Exercise instructions:
Please give back exactly the line with "Kohler K-84591-0 Toilet" and each line after it through the end of the material, leaving out the pictures.

Dataset content:

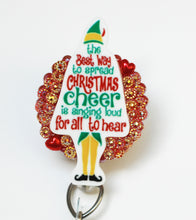 Load image into Gallery viewer, Buddy The Elf Pledge Retractable ID Badge Reel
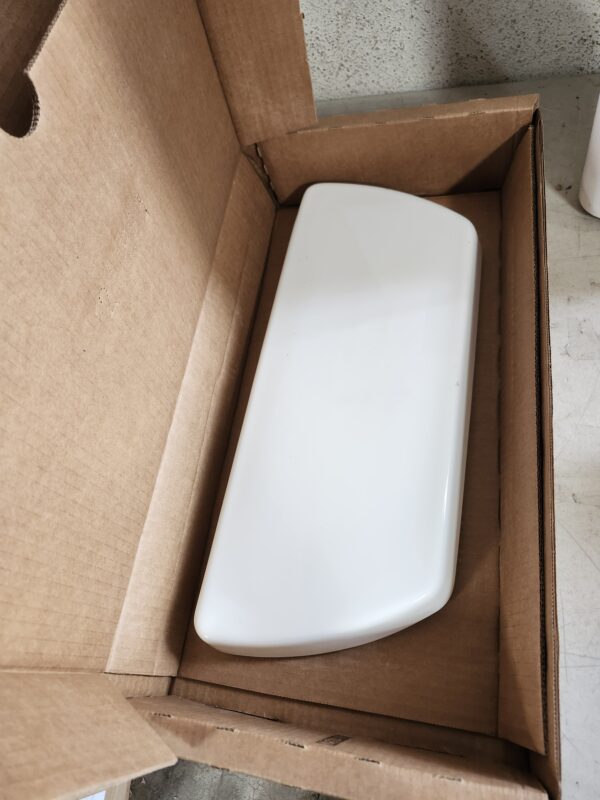 Kohler K-84591-0 Toilet Tank Cover, 19.6 x 8 x 1.5 inches, White | EZ Auction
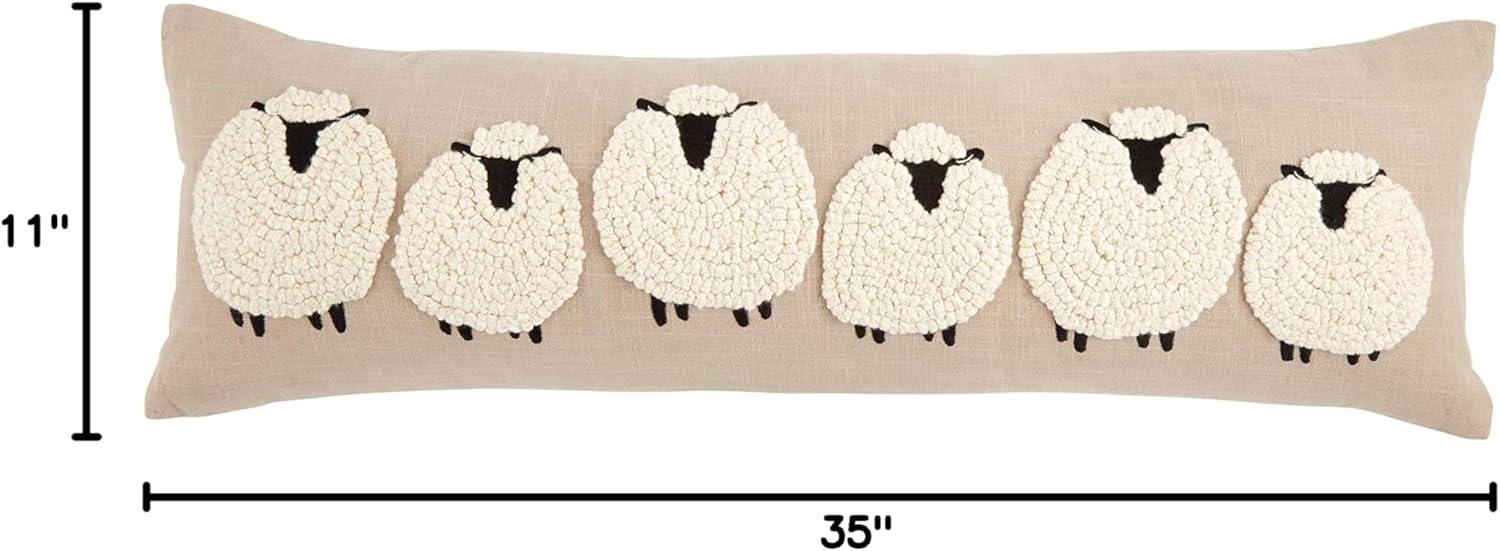 image:imageMud Pie Long Sheep Pillow 35 x 11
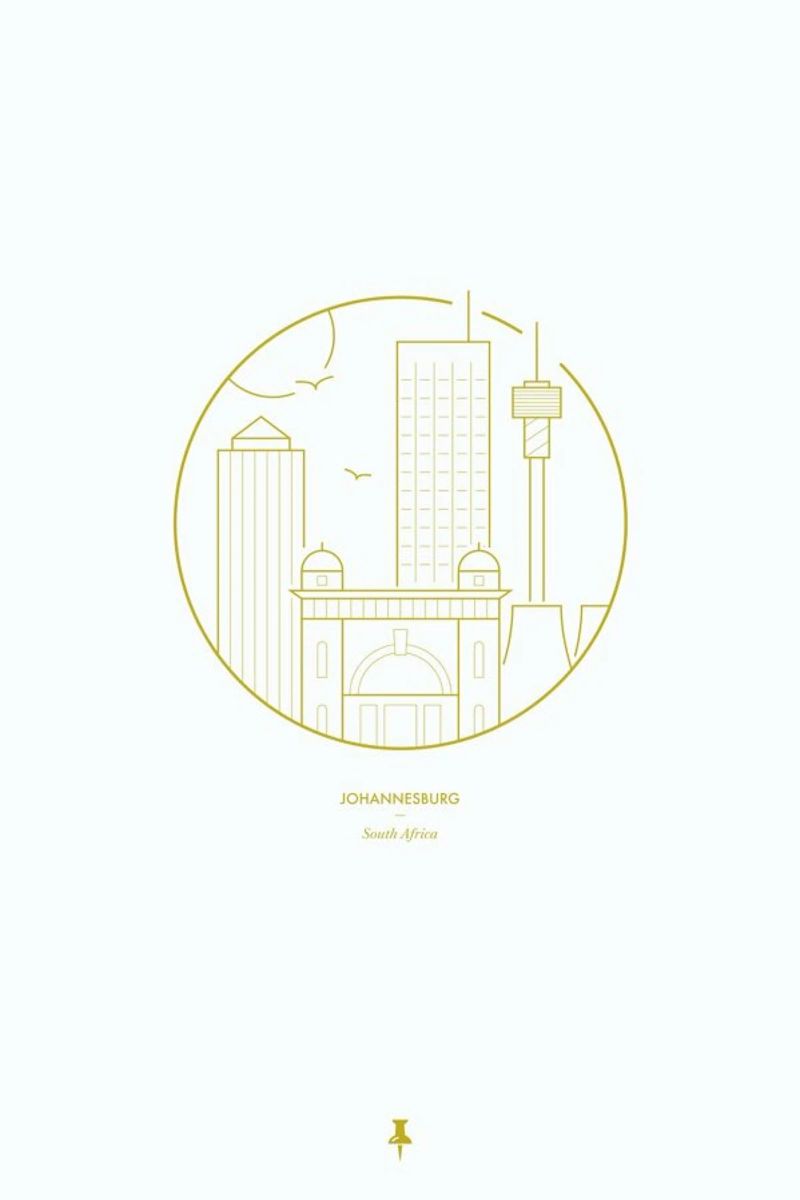 Johannesburg Poster von Dean Smith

Written answer:
 Kohler K-84591-0 Toilet Tank Cover, 19.6 x 8 x 1.5 inches, White | EZ Auction
 image:imageMud Pie Long Sheep Pillow 35 x 11
 Johannesburg Poster von Dean Smith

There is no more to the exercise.